A IA e o jornalismo
- José Maria Dias Pereira
- 2 de abr.
- 3 min de leitura
Atualizado: 3 de abr.
Hoje em dia, é cada vez mais comum o uso de aplicativos de inteligência artificial (IA) que substituem a criatividade do trabalho humano. Isso é feito, imagino, por uma questão de tempo e custos menores. A discussão avança para chegar na questão do domínio do homem pela máquina e suas consequências. Isso não é de agora. Na ficção científica “2001, uma Odisseia no Espaço” (1968), de Stanley Kubrick, astronautas são enviados para o Espaço numa missão misteriosa e, num determinado momento, o computador da nave espacial começa a ter um comportamento estranho, não obedecendo ao comando humano.
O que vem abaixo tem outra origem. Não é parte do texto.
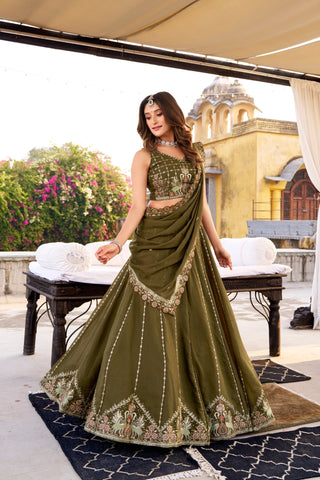 Regal Olive Green Embroidered Bridesmaid Lehenga Choli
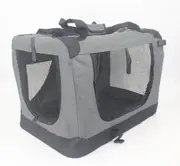 YES4PETS Medium Portable Foldable Dog Cat Puppy Soft Crate Carrier-Grey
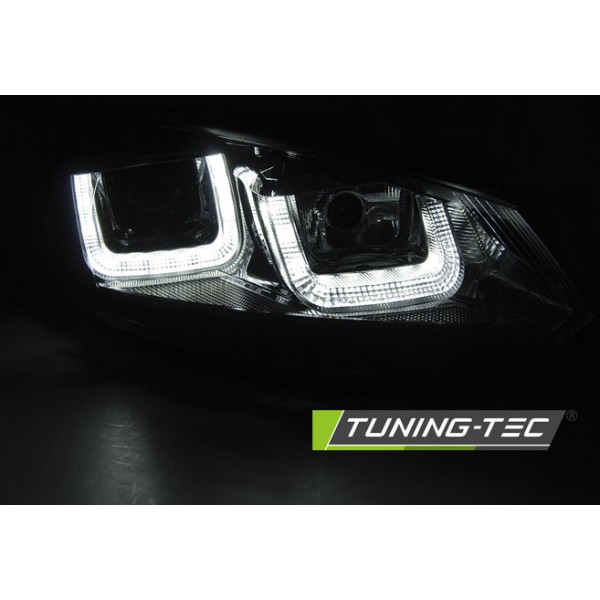 Оптика альтернативная передняя Tuning-Tec U-Type TrueDRL Volkswagen Golf VI (2008-2012) черная полоса
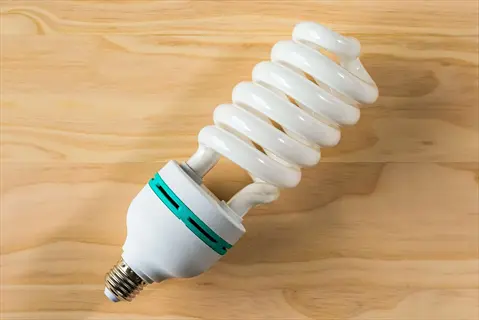 cfl bulb houseplant: spiral compact fluorescent light bulb (cfl) with e27 base and green accent on light wood surface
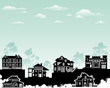 Residence on hill with beautiful nature. Vector layered.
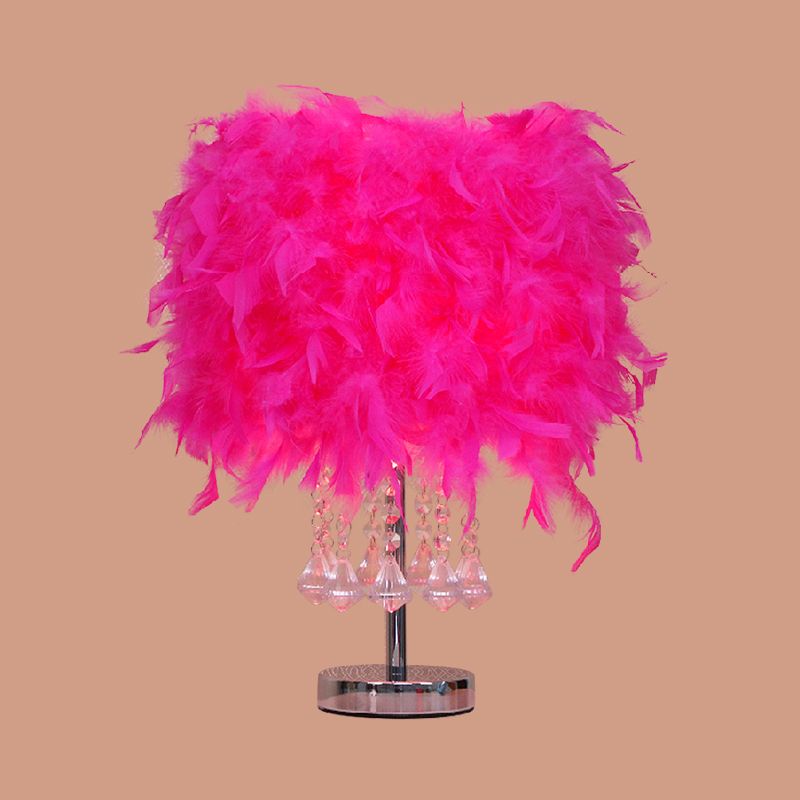 Runde Esstischtisch Leichte Feder 1 Kopf moderne Nachtlampe in Rot/Rosa/Rose Rot mit Kristalltropfen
É a esse ponto que os críticos da IA temem chegar um dia, ou seja, do homem tornar-se um "apêndice da máquina", como escreveu Karl Marx a respeito da Revolução Industrial, no século XIX.
Nos últimos anos, todos os meios de divulgação do conhecimento vêm sendo afetados pelo uso da IA. Vamos nos concentrar em apenas um deles: o jornal. Antes da internet e das redes sociais, o jornal impresso tinha um padrão, tanto no que diz respeito à forma quanto ao conteúdo. Dividido em cadernos, o jornal impresso tinha páginas grandes, que era preciso dobrar para ler, porém isso permitia aprofundar o conteúdo. A maioria dos jornalistas não era formado em faculdades e sim intelectuais e escritores conhecidos. Textos de Paulo Francis, Arnaldo Jabor, Nelson Rodrigues, Mário Quintana, Carlos Heitor Cony, entre outros, eram os meus preferidos.
Com a internet, num primeiro momento, os jornais impressos ganharam tamanhos menores, mais práticos para ler, cores e textos mais curtos. O perfil do jornalista também mudou. As redações ganharam jornalistas contratados pela legislação trabalhista, e formados em faculdades de jornalismo que antes sequer existiam. Houve até mesmo um debate entre sindicatos de classe e empresas jornalísticas sobre a exigência de diploma da escrever em jornal. Mas esse é outro assunto.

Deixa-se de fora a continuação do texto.